Plans to restore a house that served as the office of Israel's first prime minister, David Ben-Gurion, could damage an adjacent park and create a dangerous precedent, Ramat Gan residents and an environmental group claim. Local residents and the Society for the Protection of Nature in Israel are petitioning the Ramat Gan municipality to scrap the plan, which would involve allowing the owners current owners to build on land in the nearby Avraham Park to compensate them for the loss of the property.
Those opposed to the plan say permitting the construction of an apartment building on land which is currently part of the park will damage the park's unique ecosystem as well as the urban fabric.
Anat Barkai of SPNI said the park has historical value, as part of a grid of recreational areas set aside by Ramat Gan's first mayor, Avraham Krinitzi. She said that if the plan is approved it could serve as a precedent for other local governments to grant building rights in other recreational areas to developers as compensation.
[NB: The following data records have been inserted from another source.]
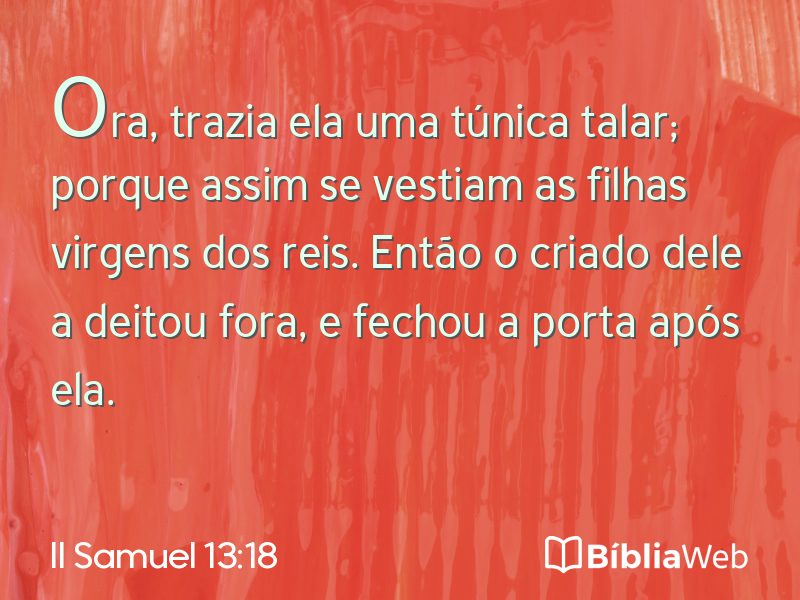 II Samuel 13:18 em imagem para compartilhar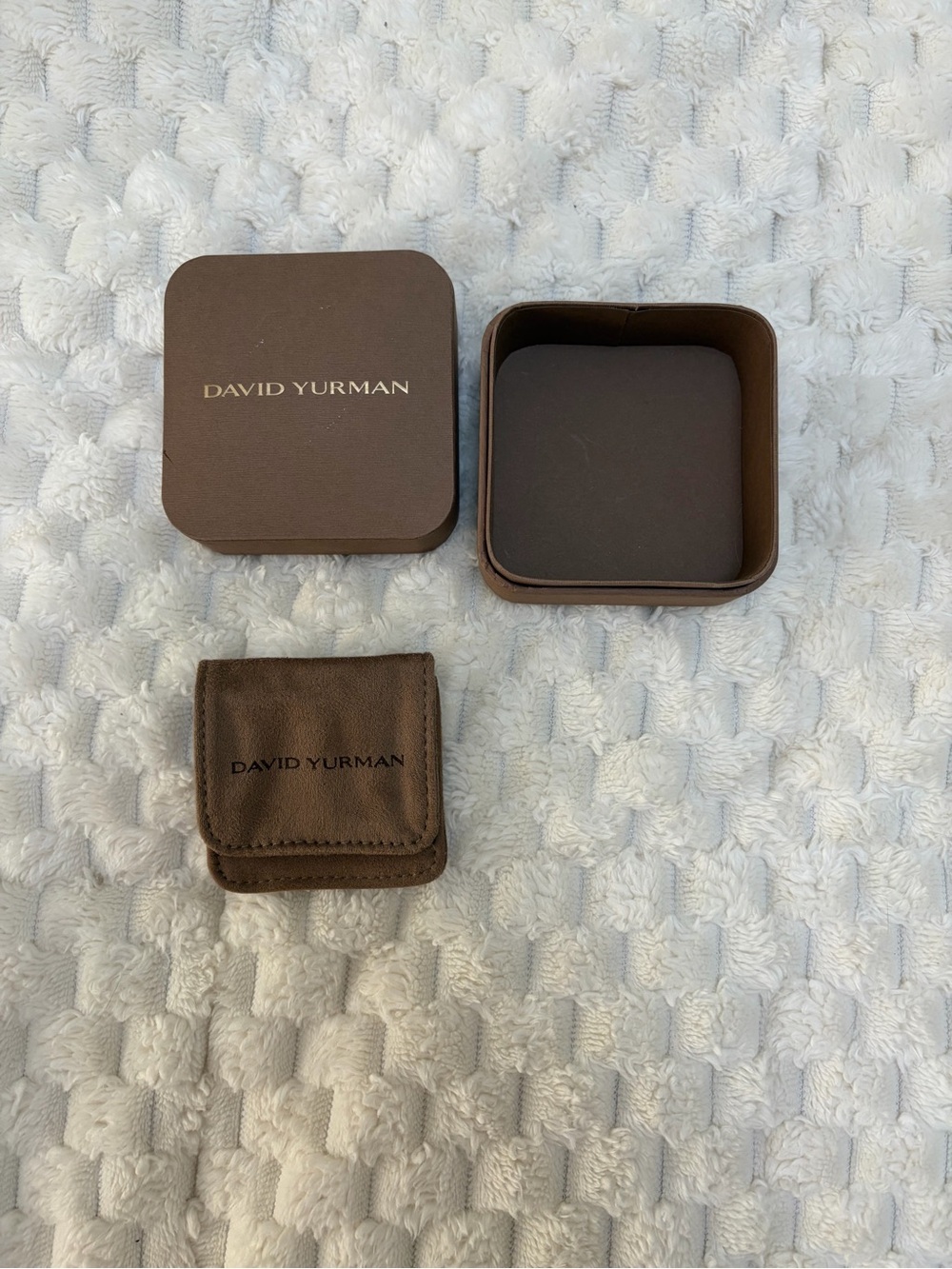 David Yurman Box and jewelry bag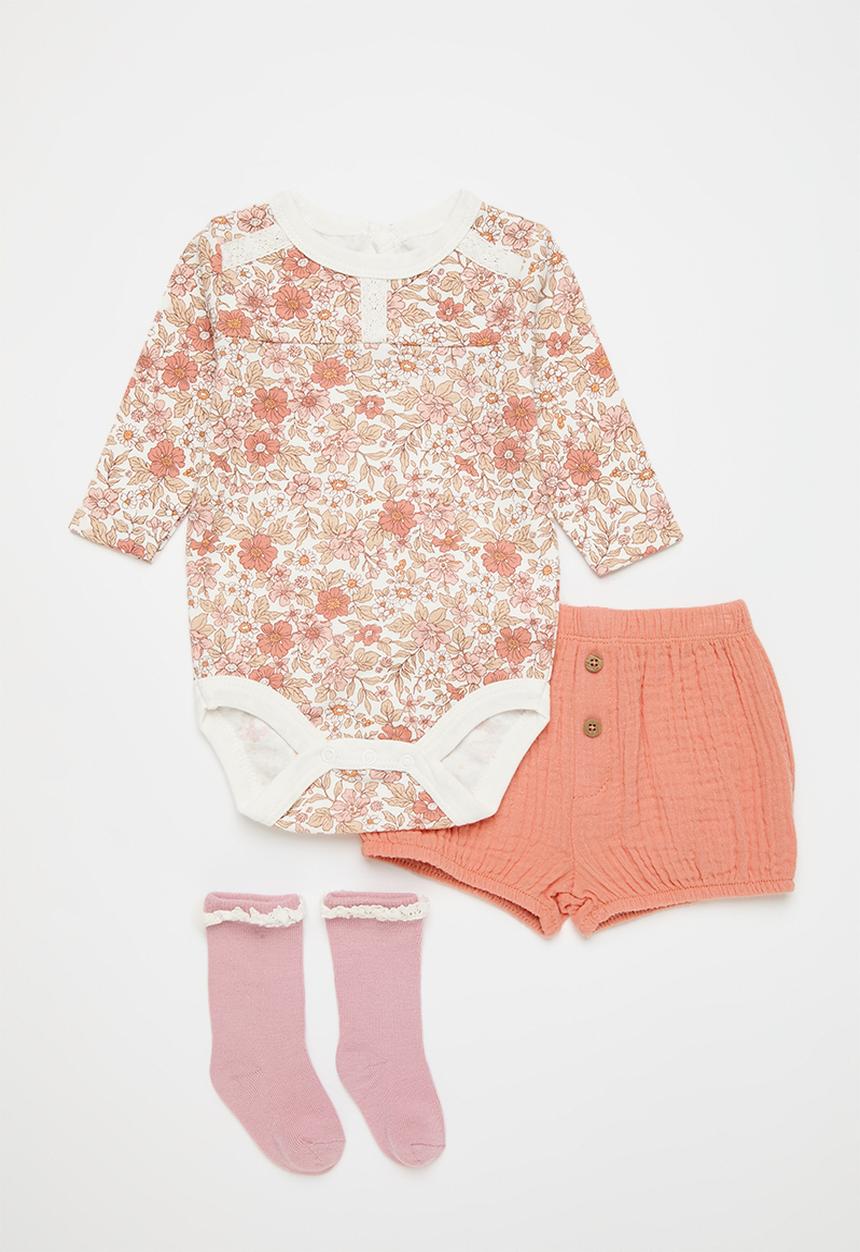 Pop Candy - Bodyvest, shorts & socks set - multi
"By law, the plot offered in compensation should be as close as possible to the original plot where owners had building rights," the Ramat Gan municipality said in response. "An area consisting of a rocky outcrop on the edge of Gan Avraham that because of its layout was difficult to develop for the public had been found. In the overall evaluation it seems the restoration of Ben-Gurion's offices is vastly more important than the removal of a small part of Avraham Park, which is very big."
The Ramat Gan spokesperson said NIS 6 million will be spent on restoring the historic building. In addition, two small gardens will be created on either side of the building and a currently closed tunnel will be opened to connect the two parts of Avraham Park.
Barkai argued that the municipality can grant the owners building rights in a nearby vacant lot.
Krinitzi was born in Grodno, Belarus, then part of the Russian Empire, before immigrating to pre-State Israel in 1905. He was a powerful politician and served as mayor of Ramat Gan from 1926 until his death in 1969.
He created the park which was later named after him on top of one of the four ridges upon which the city was built. The park has an amphitheater and serves as an important pedestrian crossing for local residents. Ben Gurion used the building located on the edge of the park as his office, and directed the military effort during the 1948 War of Independence from within it.